Starting with the line that contains "Velas aromáticas de", give again exactly and only each line through the end of the records; include the last line and exclude pictures.

Records for the exercise:
****************

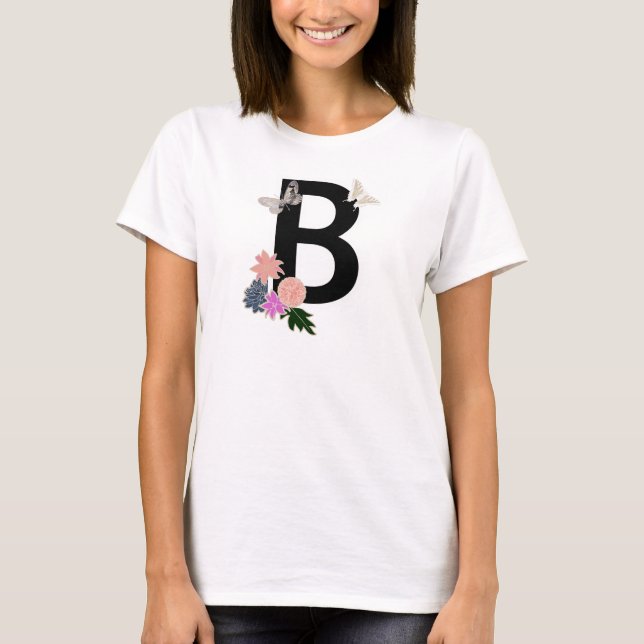 Lettre B T-shirt (Devant)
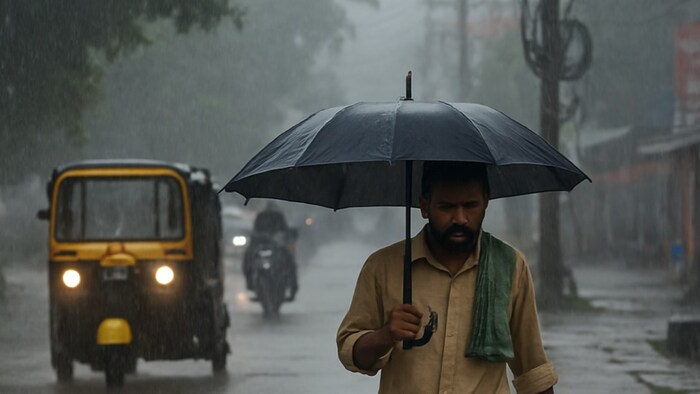 Heavy rain in hilly areas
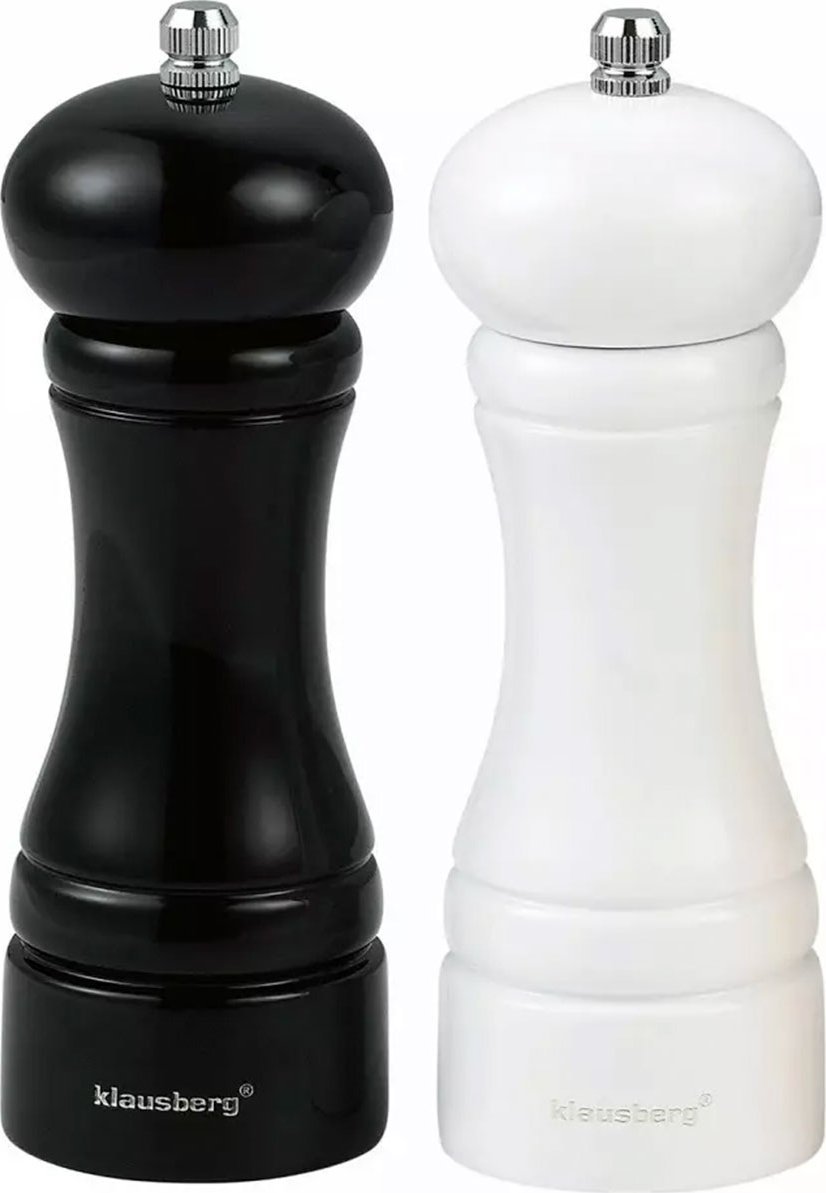 Młynek do przypraw Klausberg Zestaw młynków do pieprzu i soli KB-7558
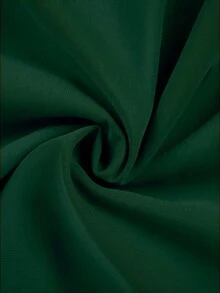 SHEIN Clasi CURVE 大尺碼透視雪紡多層下擺優雅休閒無袖女款洋裝 - 綠色 - 查看 3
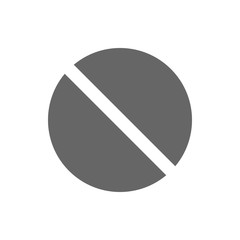 Round pill. Vector icon.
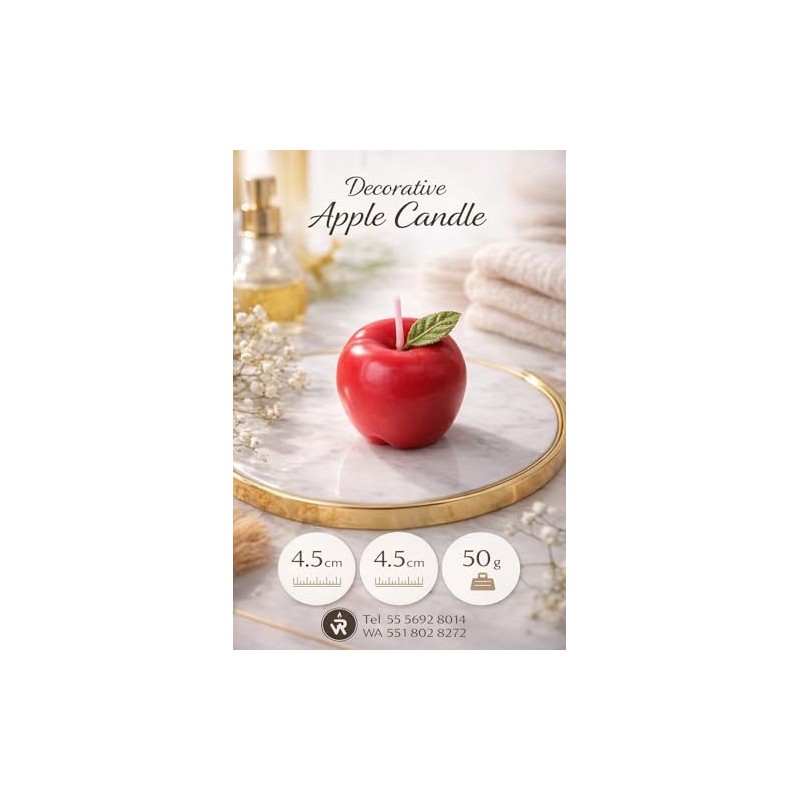 Velas aromáticas de manzana 12 uds – aroma manzana canela,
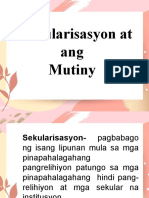 Sekularisasyon at Ang Mutiny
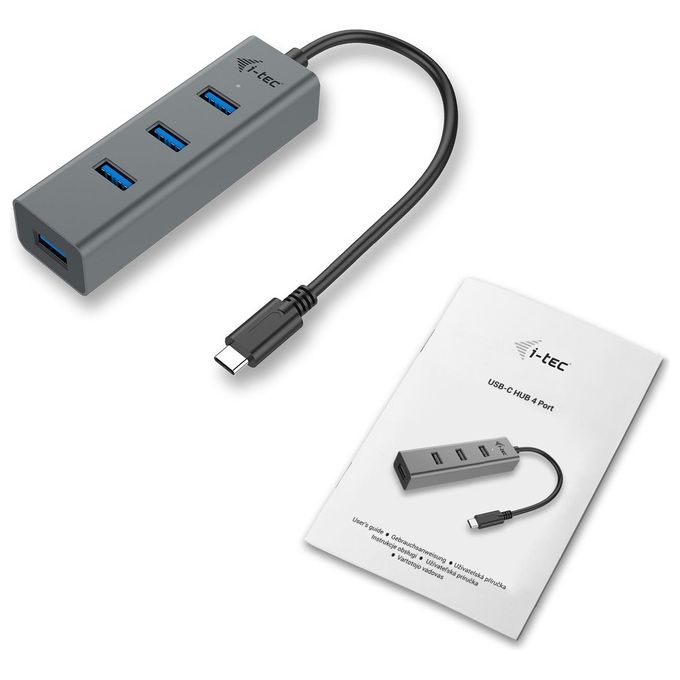 I-Tec C31HUBMETAL403 Metal Usb-c Hub 4 Port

****************

Task output:
 Velas aromáticas de manzana 12 uds – aroma manzana canela,
 Sekularisasyon at Ang Mutiny
 I-Tec C31HUBMETAL403 Metal Usb-c Hub 4 Port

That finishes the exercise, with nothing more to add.